**EXTRACTED MATERIAL**
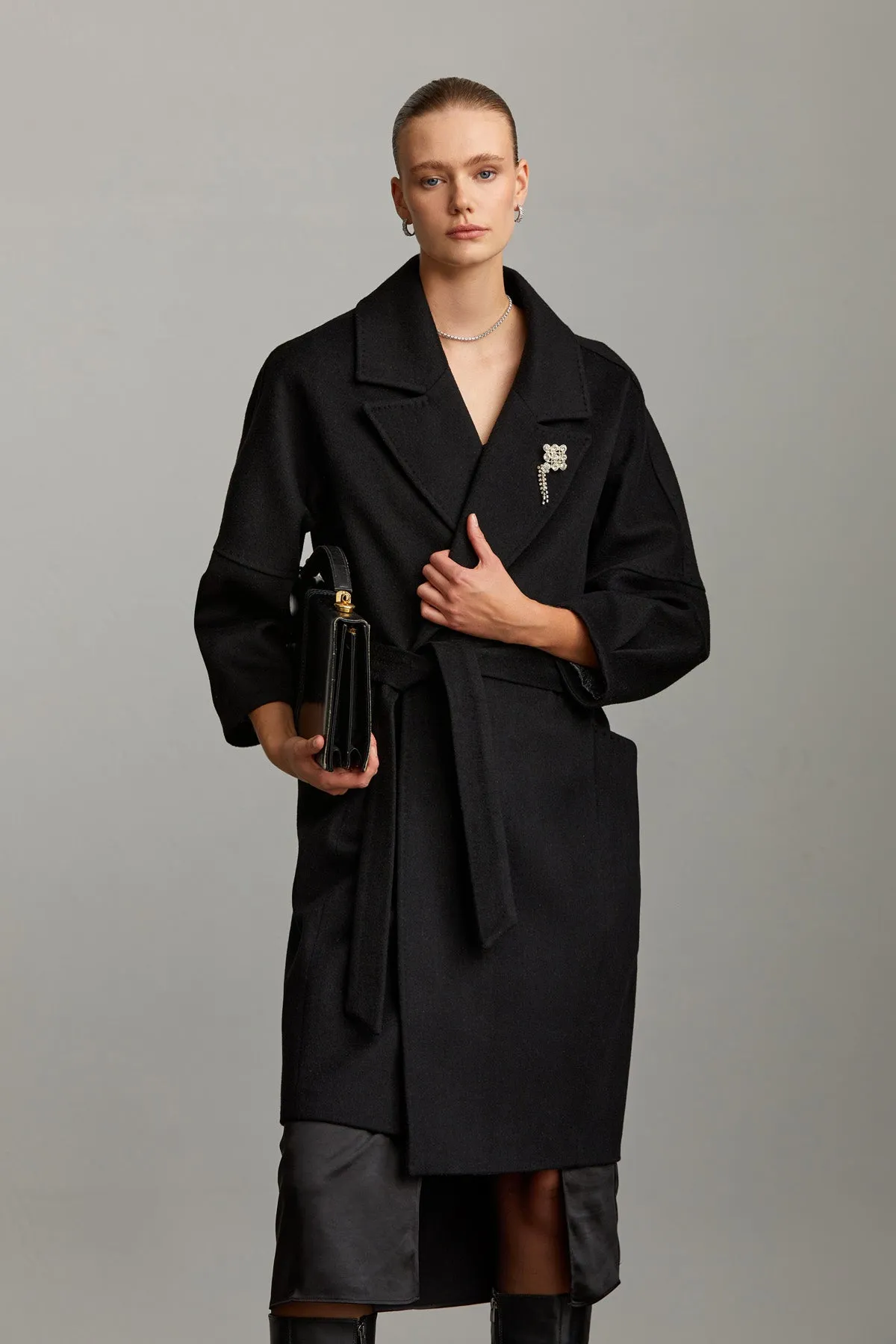 Slim Fit Sofia Notch Lapel Belted Cachet Wool Coat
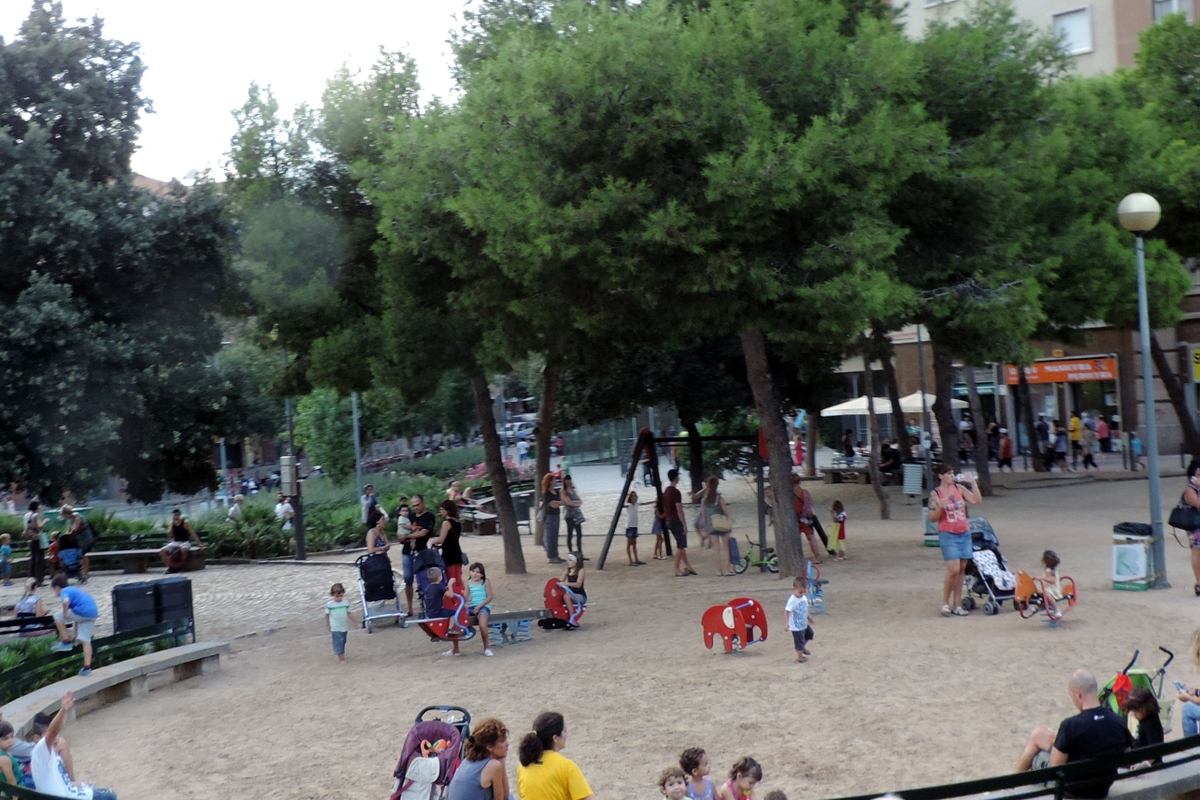 Kids playing in city playground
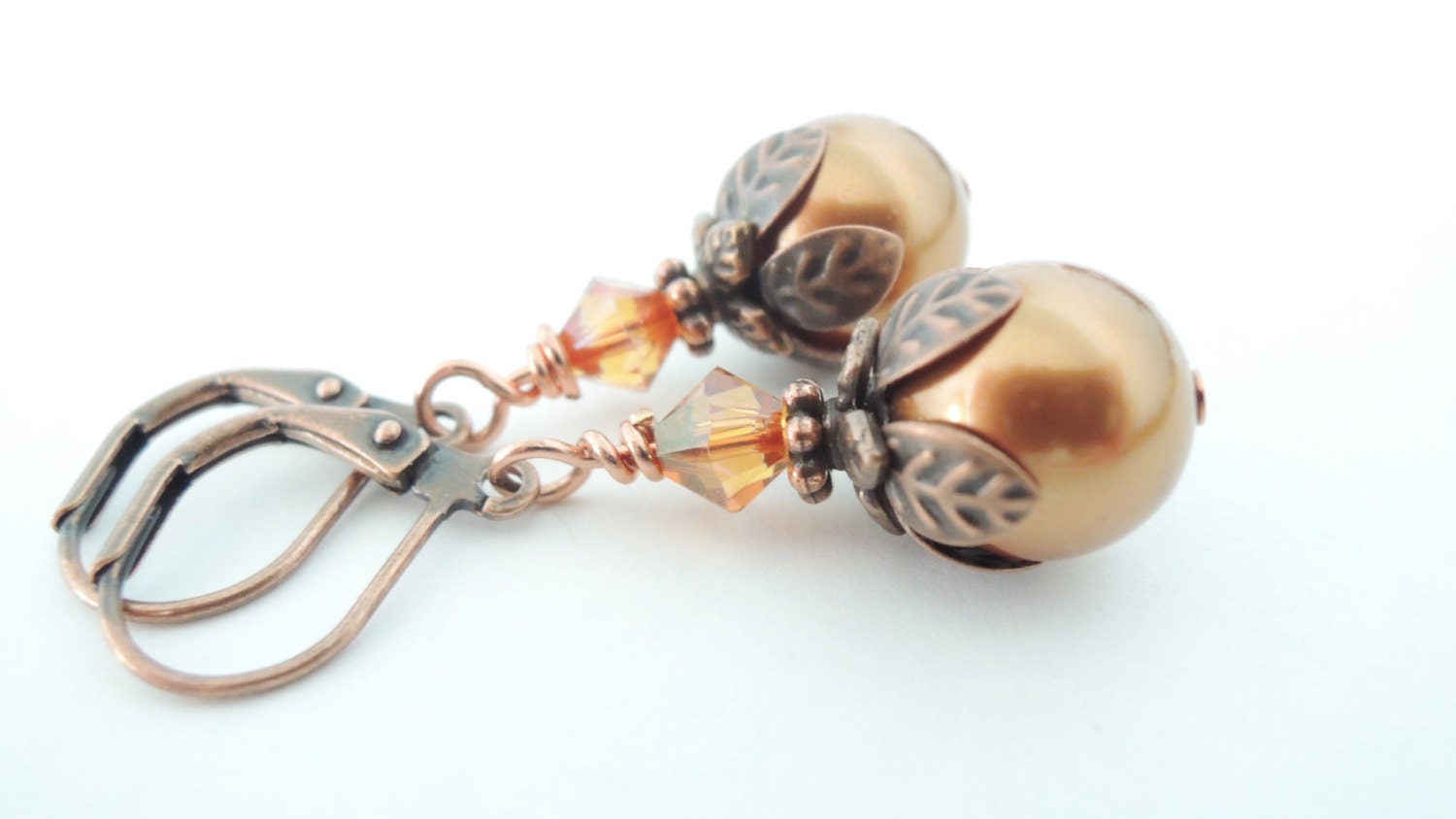 Brown Pearl Earrings Chocolate Caramel  Copper Swarovski Pearls Swarovski Crystal Warm Earthy Neutral Brown Copper  Dangles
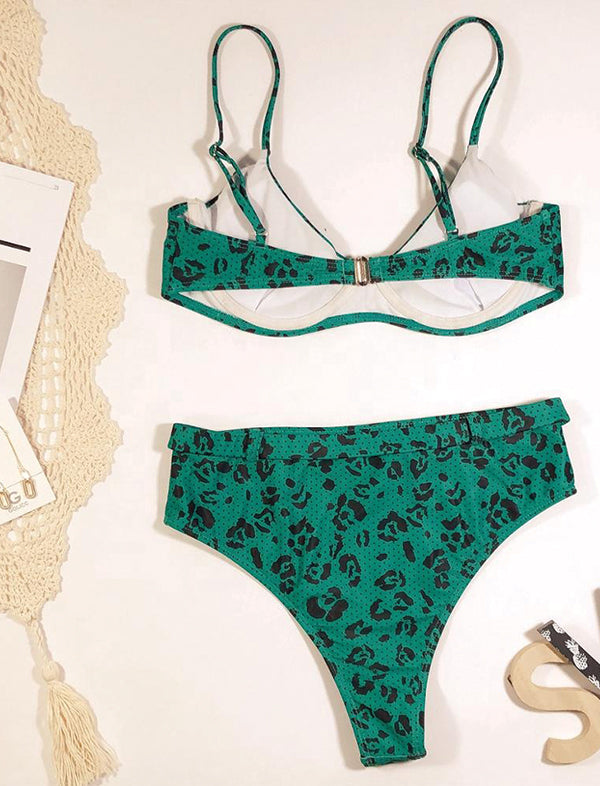 Verde leopard print bikini set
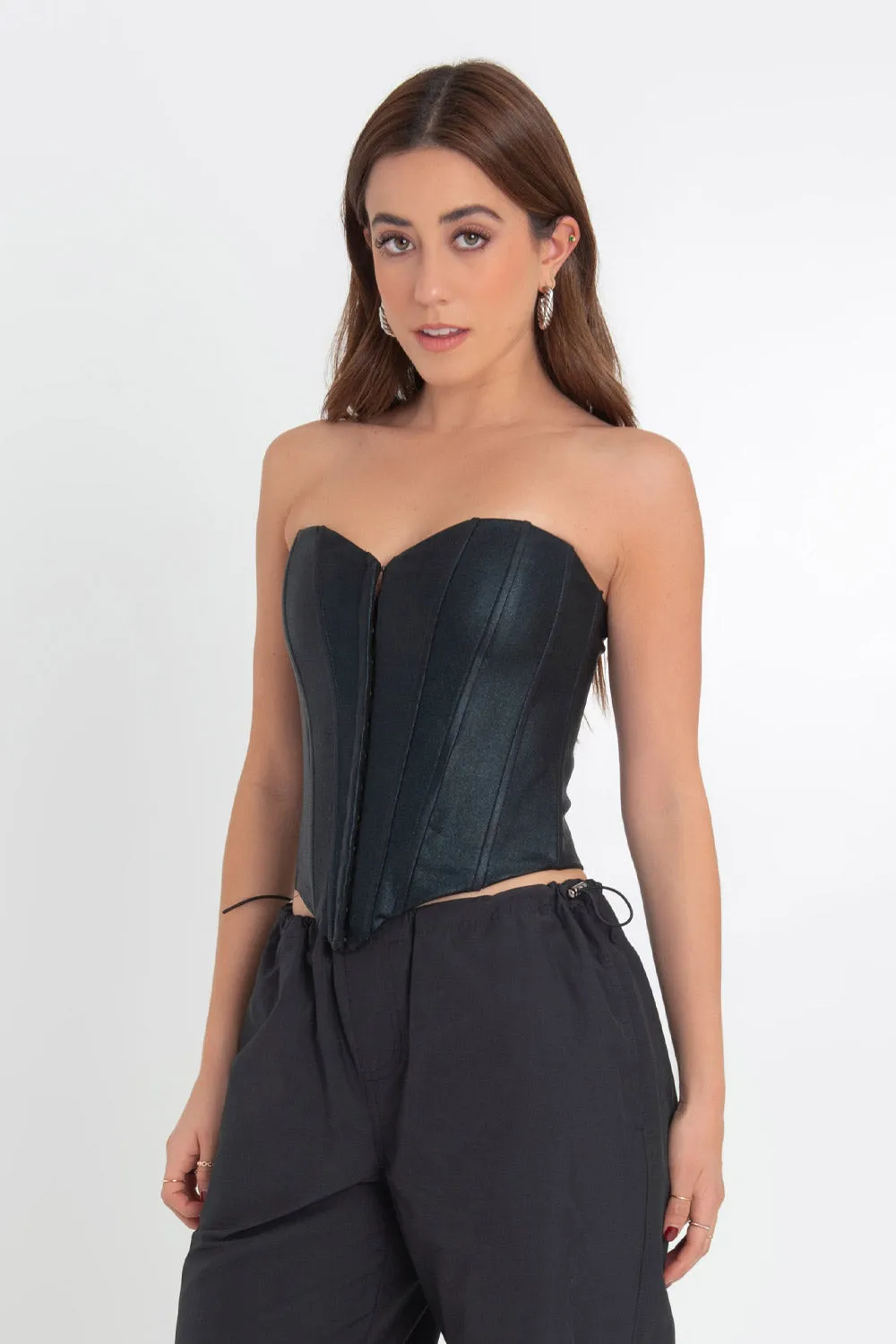 Corset de efecto piel escote corazón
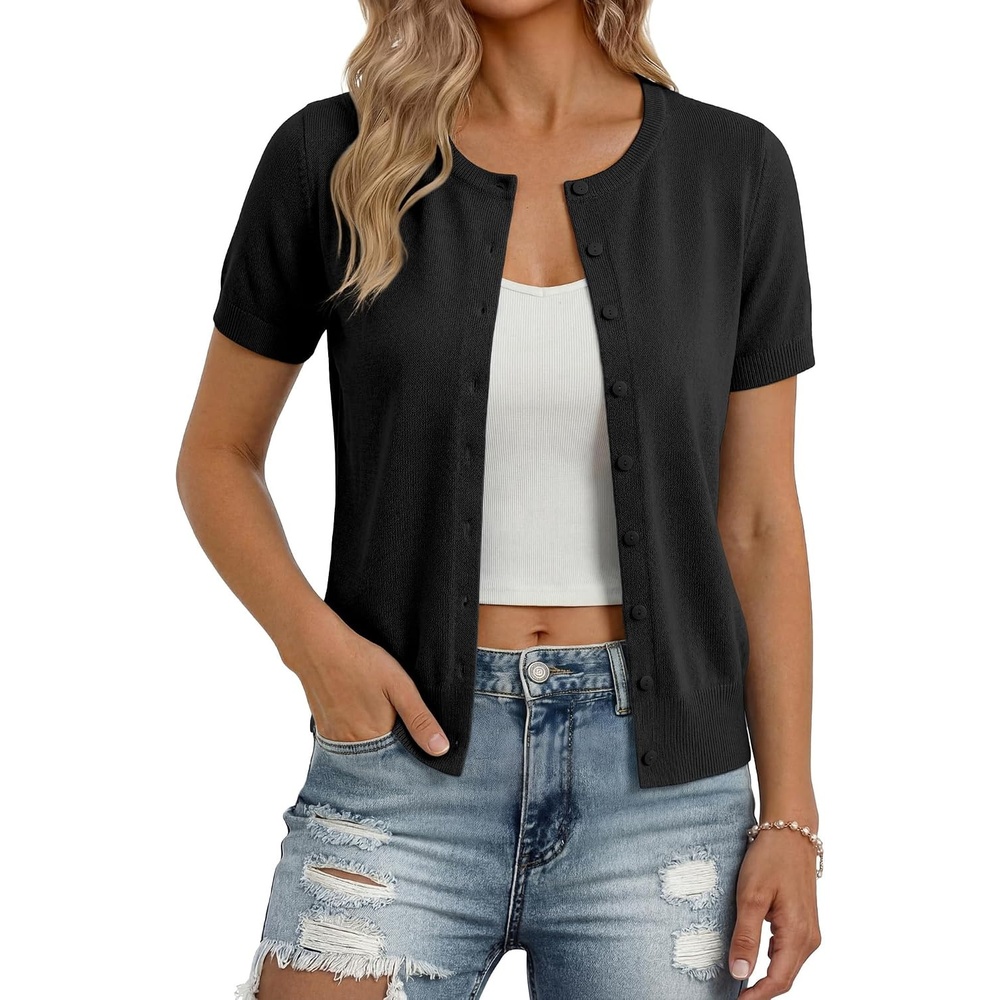 image:imageGRACE KARIN Womens Short Sleeve Cardigan Sweaters Lightweight Fall OutfitsBlack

**ASSIGNED TASK**
Leave the images aside and transcribe all entries exactly.

**EXERCISE OUTPUT**
 Slim Fit Sofia Notch Lapel Belted Cachet Wool Coat
 Kids playing in city playground
 Brown Pearl Earrings Chocolate Caramel  Copper Swarovski Pearls Swarovski Crystal Warm Earthy Neutral Brown Copper  Dangles
 Verde leopard print bikini set
 Corset de efecto piel escote corazón
 image:imageGRACE KARIN Womens Short Sleeve Cardigan Sweaters Lightweight Fall OutfitsBlack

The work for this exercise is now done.